## Work to complete
Find the line with "Şehit polisin baba ocağına ateş düştü" and the line with "Agalega Islands Buy" in the entries below; output exactly those two lines, every line between them, and no others.

## Provided records
━━━━━━
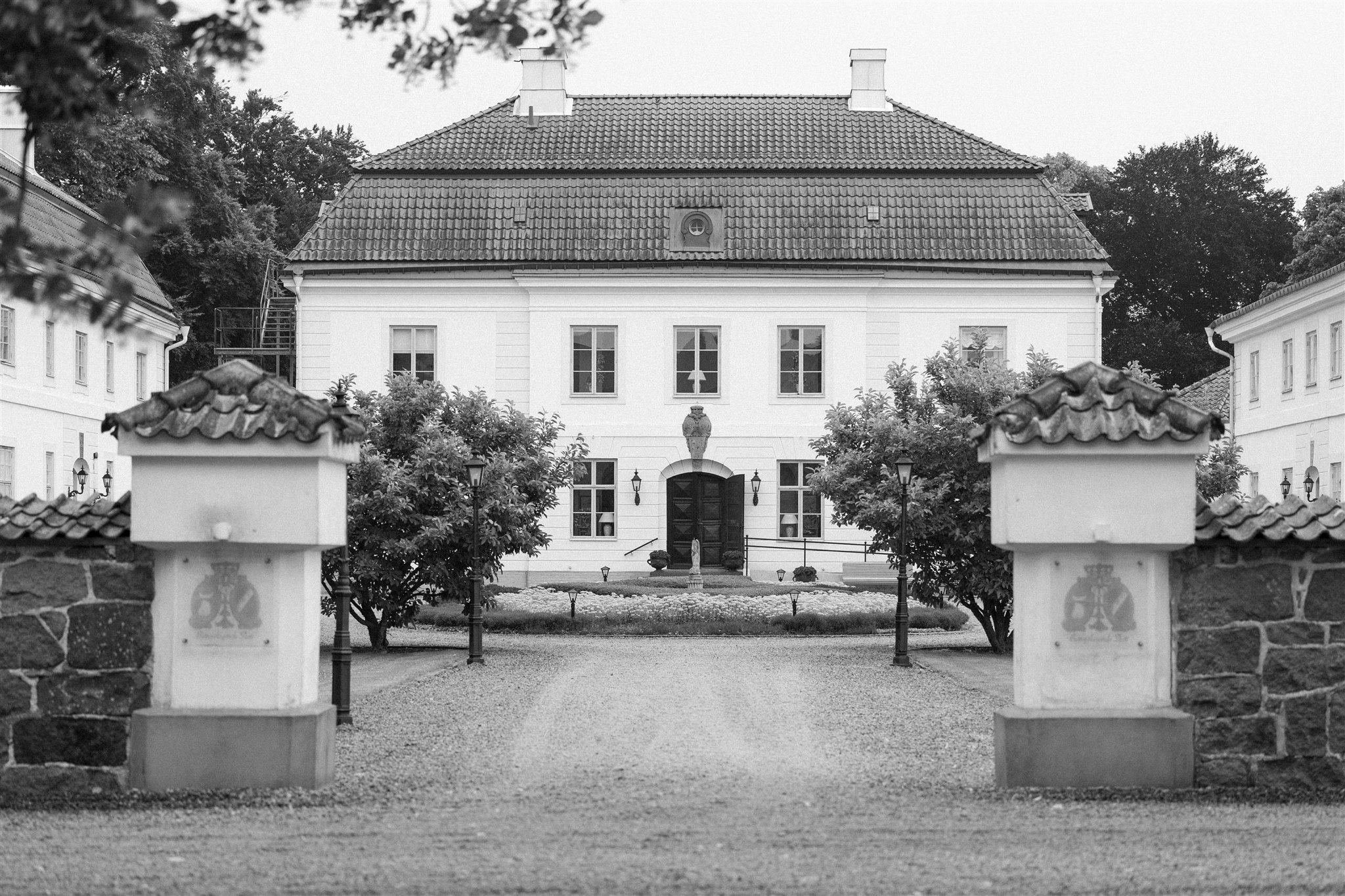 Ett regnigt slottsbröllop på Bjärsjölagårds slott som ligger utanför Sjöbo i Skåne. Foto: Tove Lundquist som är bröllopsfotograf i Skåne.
━━━━━━
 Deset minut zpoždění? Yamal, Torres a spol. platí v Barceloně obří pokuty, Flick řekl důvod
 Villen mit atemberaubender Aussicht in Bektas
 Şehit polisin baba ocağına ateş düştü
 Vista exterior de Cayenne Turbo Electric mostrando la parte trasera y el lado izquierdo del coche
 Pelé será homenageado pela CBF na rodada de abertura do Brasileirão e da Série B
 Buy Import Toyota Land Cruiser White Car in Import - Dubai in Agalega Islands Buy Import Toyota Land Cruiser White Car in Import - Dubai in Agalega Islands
━━━━━━
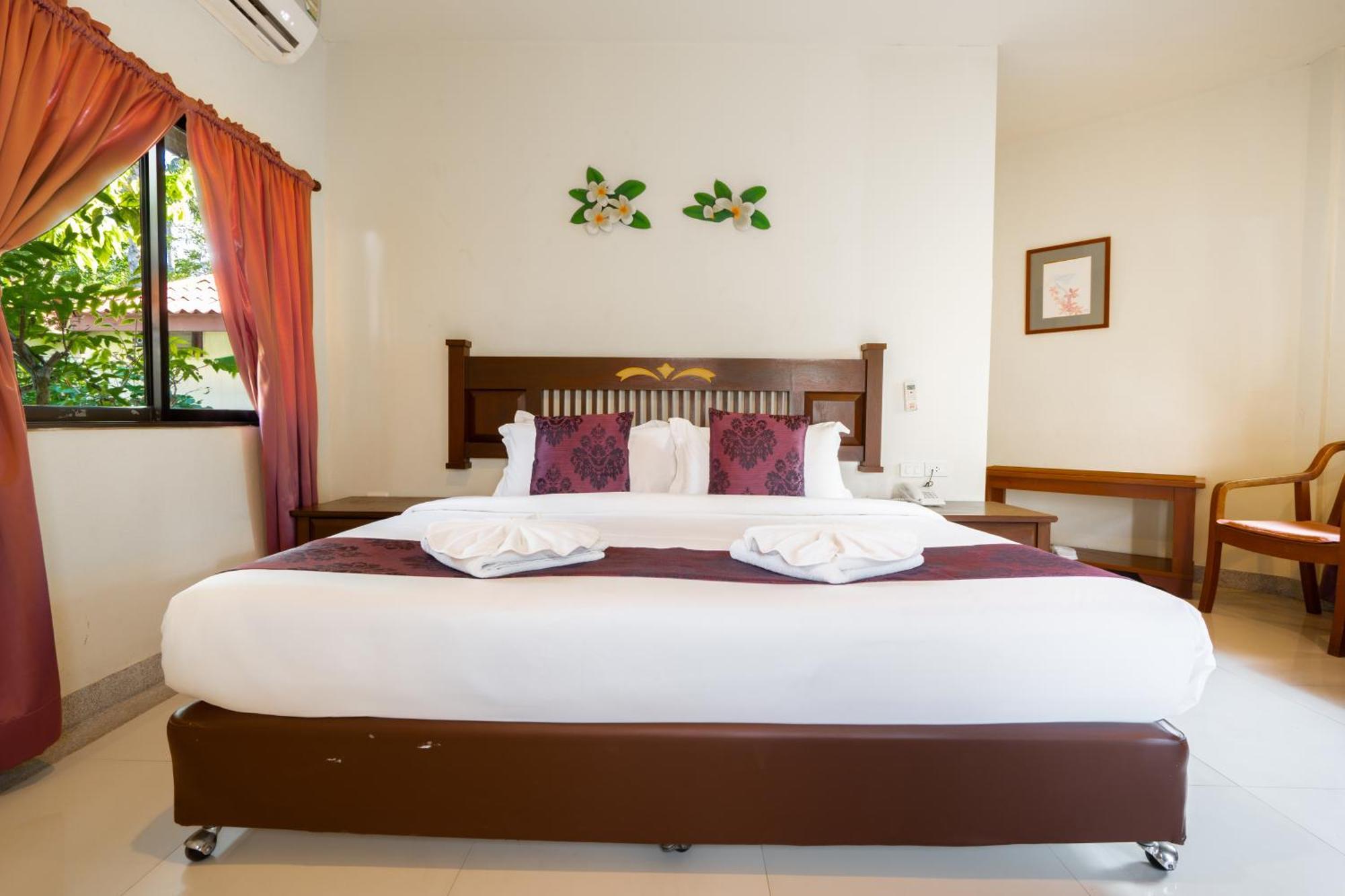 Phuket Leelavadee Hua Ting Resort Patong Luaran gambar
━━━━━━
## Answer to the problem
 Şehit polisin baba ocağına ateş düştü
 Vista exterior de Cayenne Turbo Electric mostrando la parte trasera y el lado izquierdo del coche
 Pelé será homenageado pela CBF na rodada de abertura do Brasileirão e da Série B
 Buy Import Toyota Land Cruiser White Car in Import - Dubai in Agalega Islands Buy Import Toyota Land Cruiser White Car in Import - Dubai in Agalega Islands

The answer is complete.